TRY IT: Please write out the full listing beneath this line exactly, skipping its images.

PROVIDED ENTRIES:
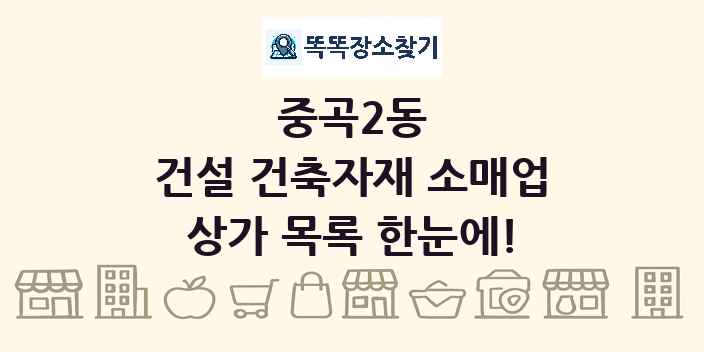 중곡2동 건설 건축자재 소매업 상가 목록 및 정보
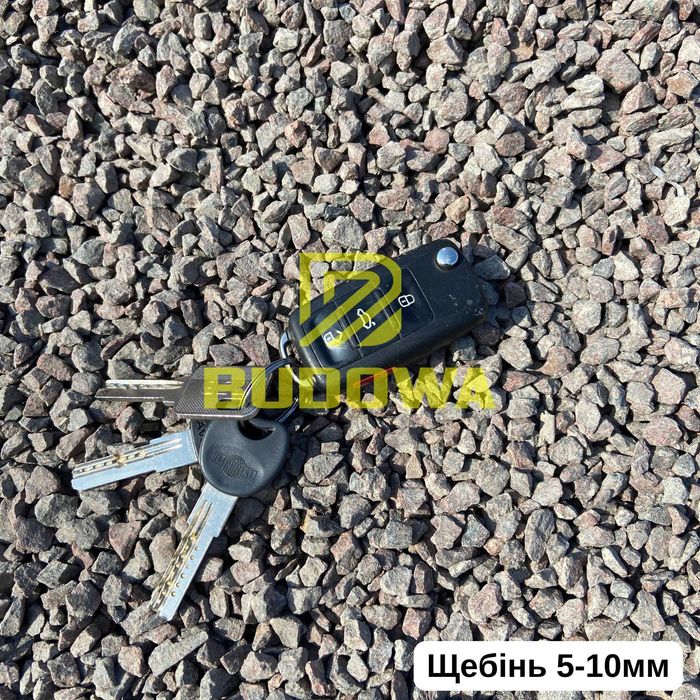 Щебінь Пісок Відсів Грунт Камінь Щебень Камень Отсев Песок Продаж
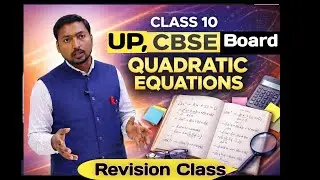 गणित एग्जाम देने से पहले जरूर देखेंClass 10th ncert books solve maths subject, class X NCERT 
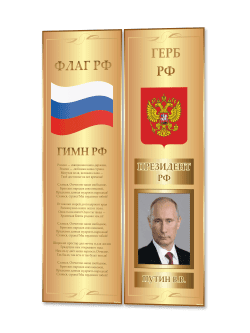 Стенд с государственной символикой России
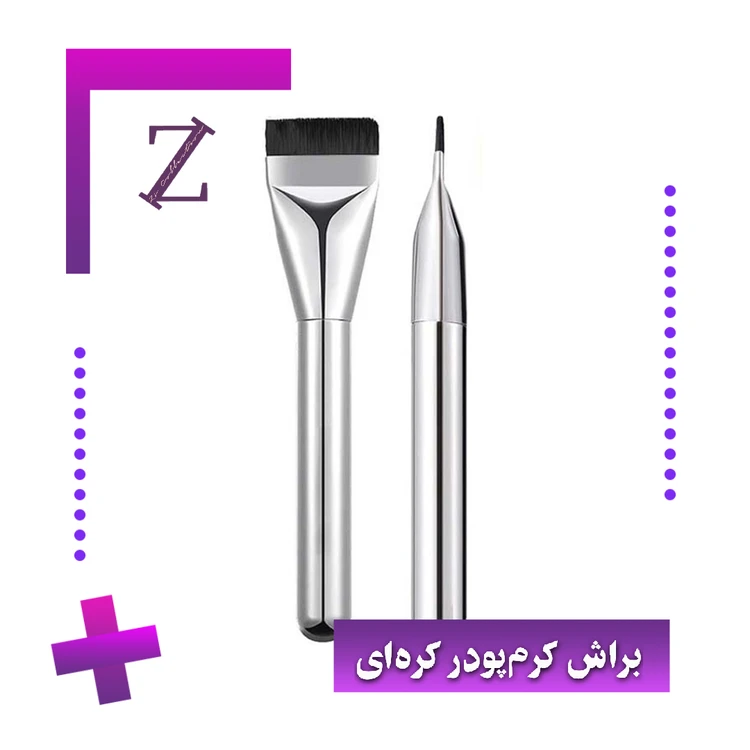 براش کرمپودر کره‌ای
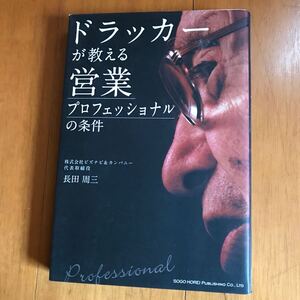 77c　ドラッカーが教える営業プロフェッショナルの条件/長田 周三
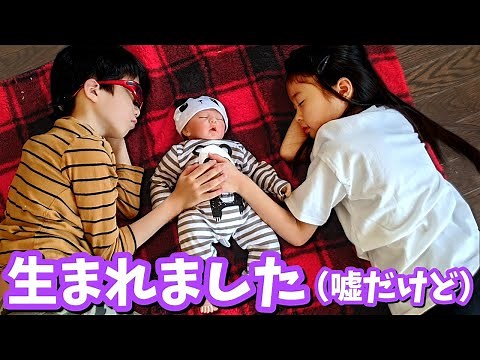 My little brother was born (I'm kidding 💗) Experience taking care of him🤣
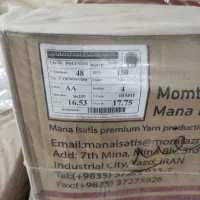 نخ ترویرا سفید 150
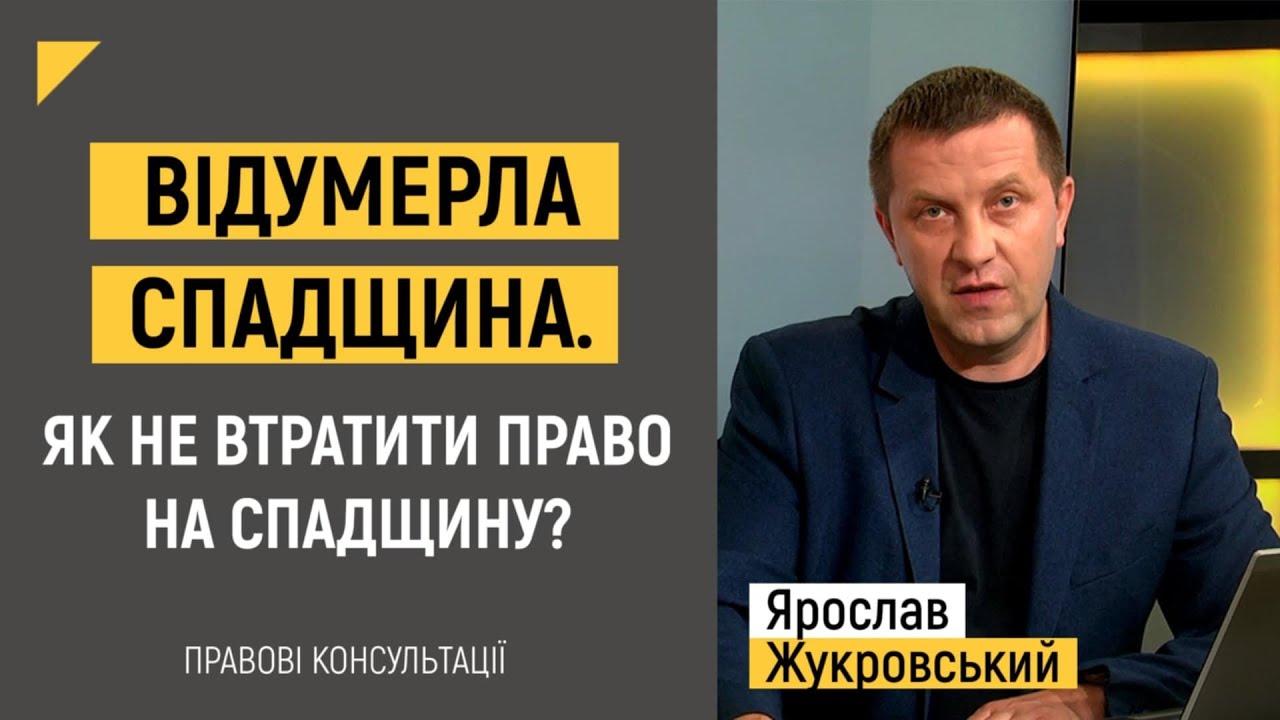 Відумерла спадщина. Як не втратити право на спадщину? | Правові консультації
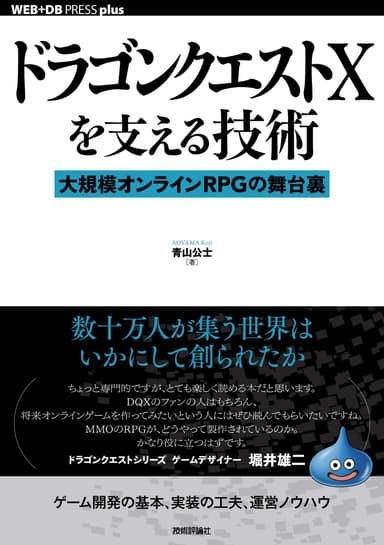 ドラゴンクエストXを支える技術―大規模オンラインRPGの舞台裏（技術評論社）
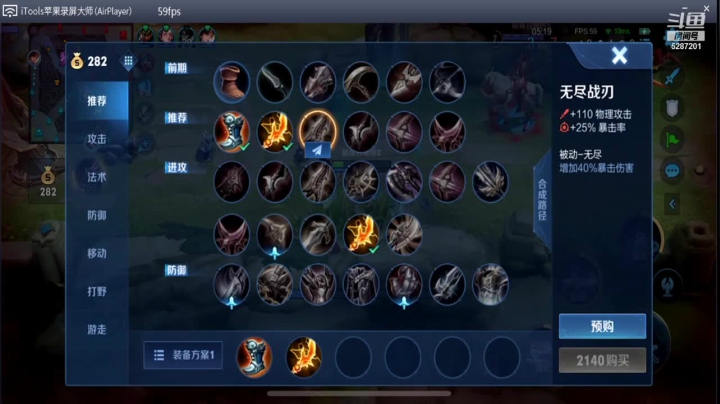 【2021-05-28 22点场】Gi不是狗贼：巅峰赛的劝退者。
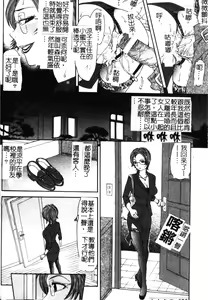 Page 71 of Soutou no Niku Ningyou - The President's Sexual Doll - preview thumbnail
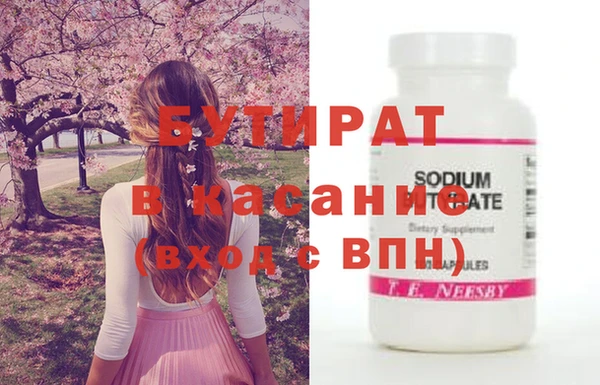 твердый Покачи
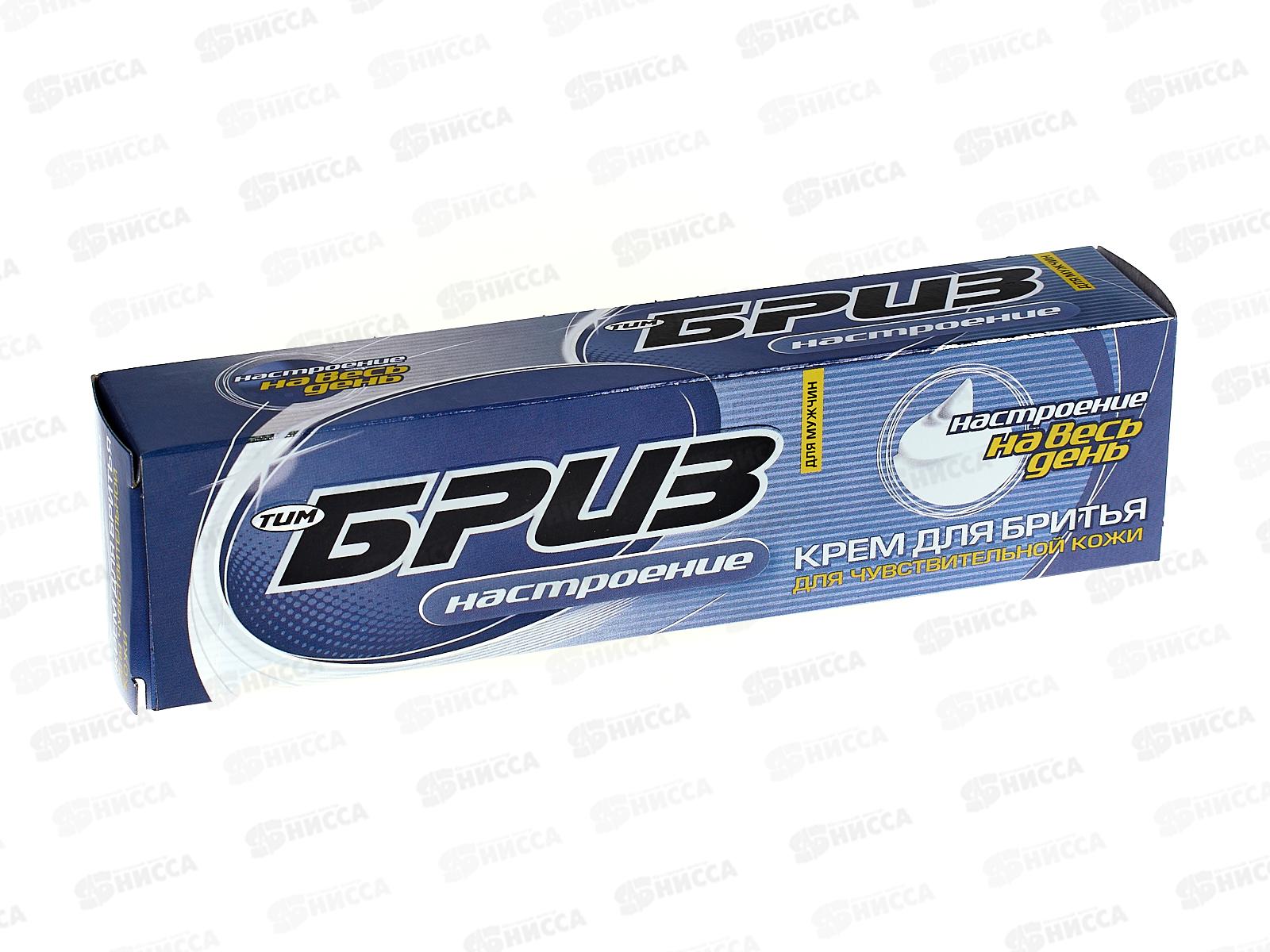 БРИЗ крем для бритья 75мл  настроение *16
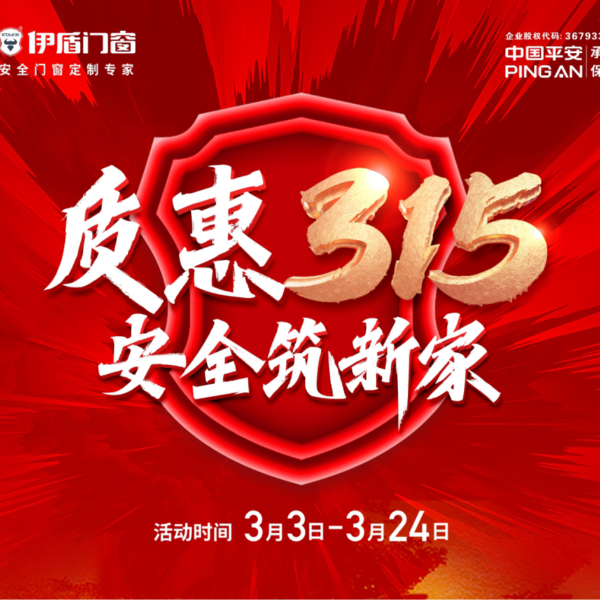 質惠315 安全筑新家丨伊盾門窗315大促火熱進行中！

RESULT FOR THIS TASK:
 중곡2동 건설 건축자재 소매업 상가 목록 및 정보
 Щебінь Пісок Відсів Грунт Камінь Щебень Камень Отсев Песок Продаж
 गणित एग्जाम देने से पहले जरूर देखेंClass 10th ncert books solve maths subject, class X NCERT 
 Стенд с государственной символикой России
 براش کرمپودر کره‌ای
 77c　ドラッカーが教える営業プロフェッショナルの条件/長田 周三
 My little brother was born (I'm kidding 💗) Experience taking care of him🤣
 نخ ترویرا سفید 150
 Відумерла спадщина. Як не втратити право на спадщину? | Правові консультації
 ドラゴンクエストXを支える技術―大規模オンラインRPGの舞台裏（技術評論社）
 【2021-05-28 22点场】Gi不是狗贼：巅峰赛的劝退者。
 Page 71 of Soutou no Niku Ningyou - The President's Sexual Doll - preview thumbnail
 твердый Покачи
 БРИЗ крем для бритья 75мл  настроение *16
 質惠315 安全筑新家丨伊盾門窗315大促火熱進行中！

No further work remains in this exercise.